### Source data
--------------------------------
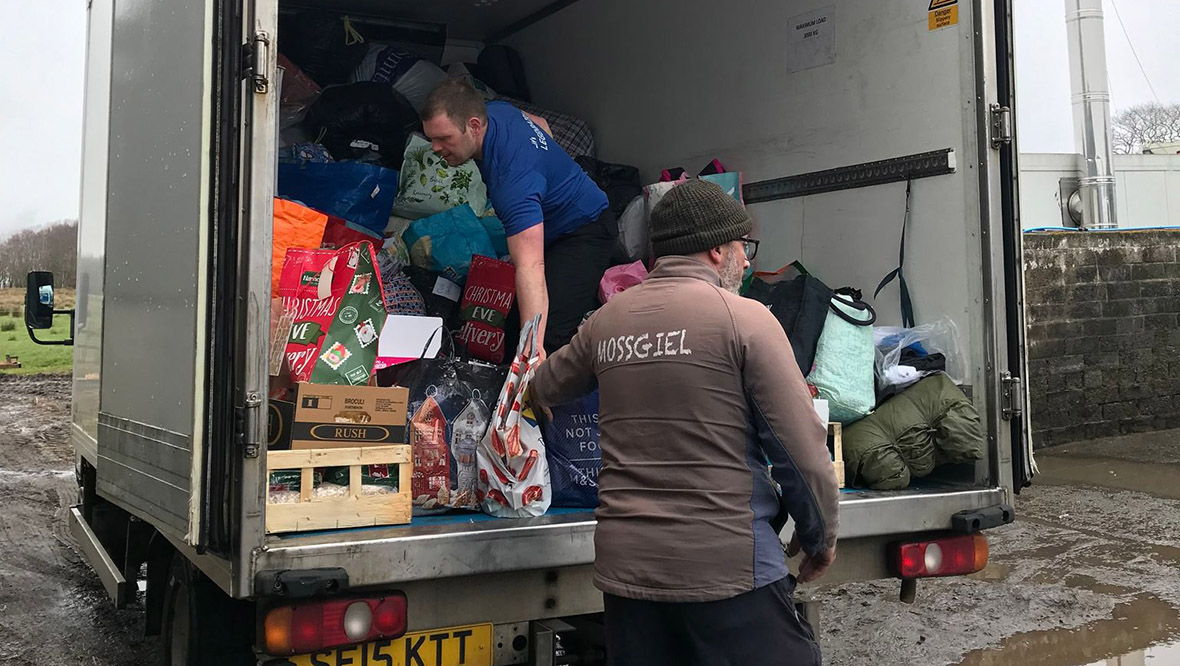 Aid bound for Ukraine being loaded onto a truck at Mossgiel Farm. 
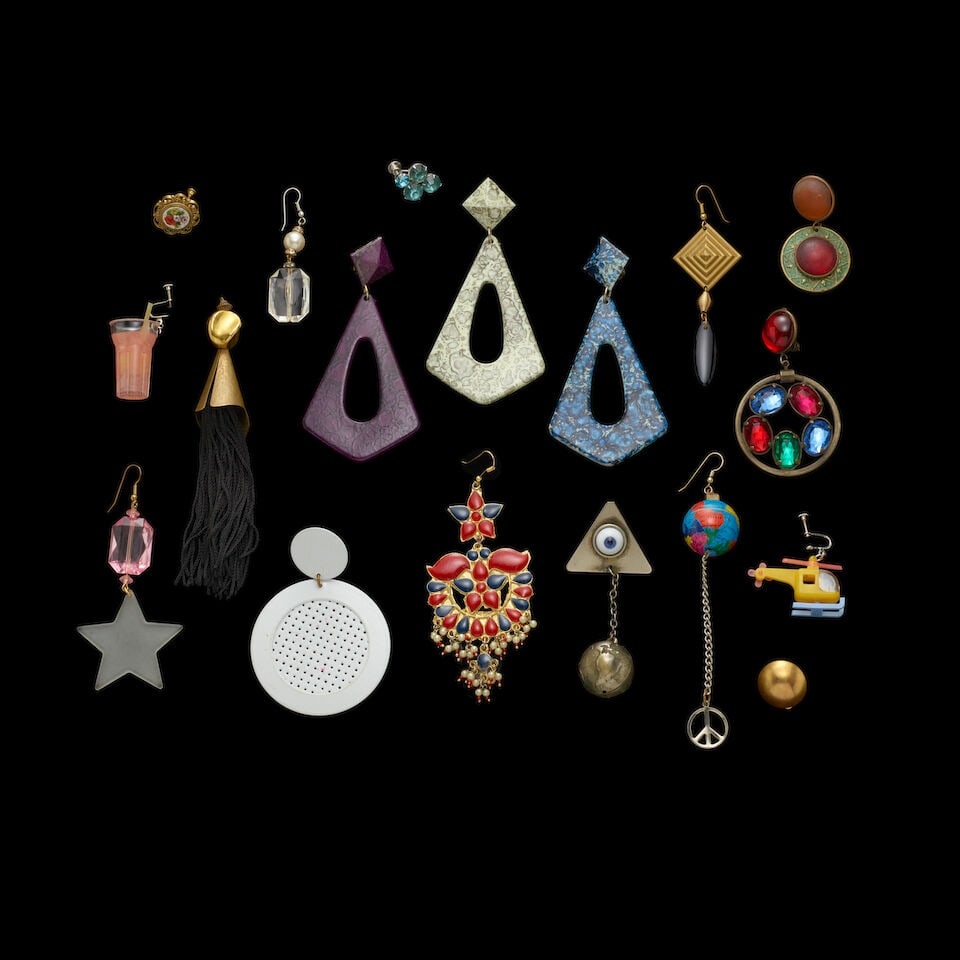 A GROUP OF STAGE-WORN SINGLE EARRINGS 1980s - 2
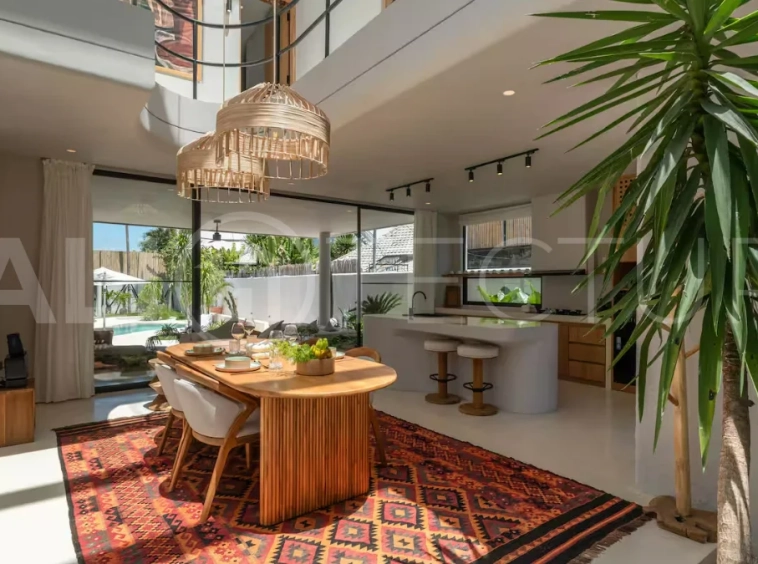 Luxury villa for sale in Canggu, featuring 590.8 m² of land, approximately 200 m² of building space, a lagoon shaped private swimming pool, tropical garden, modern interiors, private sauna, and a leasehold valid until May 2047 with an extension option.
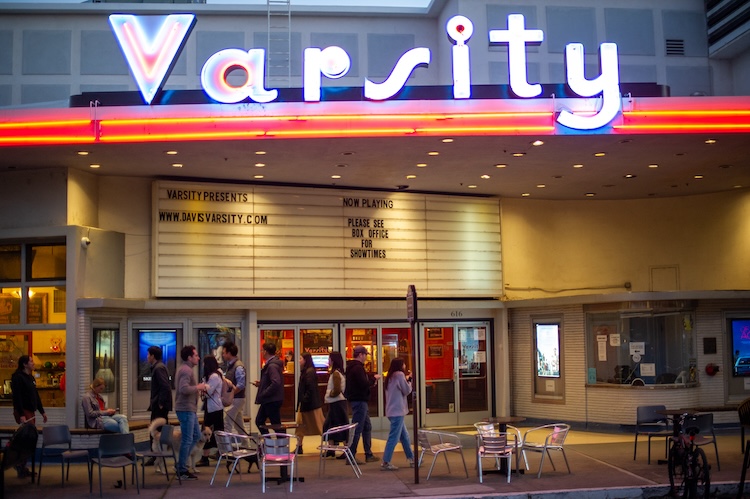 Varsity Theater in the evening with pedestrians walking by the front doors.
--------------------------------
Copy out the lines exactly as written, beginning with the one that contains "Luxury villa for" and ending with the last line of the material; do not include pictures.

### Answer to this problem
 Luxury villa for sale in Canggu, featuring 590.8 m² of land, approximately 200 m² of building space, a lagoon shaped private swimming pool, tropical garden, modern interiors, private sauna, and a leasehold valid until May 2047 with an extension option.
 Varsity Theater in the evening with pedestrians walking by the front doors.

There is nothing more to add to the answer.